**Problem**
Your response must consist of the listing below, repeated exactly.

**Information provided**
========================================

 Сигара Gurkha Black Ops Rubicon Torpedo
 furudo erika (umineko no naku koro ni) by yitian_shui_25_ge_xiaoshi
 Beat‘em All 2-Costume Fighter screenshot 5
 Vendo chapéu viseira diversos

========================================

**Response to this task**
 Сигара Gurkha Black Ops Rubicon Torpedo
 furudo erika (umineko no naku koro ni) by yitian_shui_25_ge_xiaoshi
 Beat‘em All 2-Costume Fighter screenshot 5
 Vendo chapéu viseira diversos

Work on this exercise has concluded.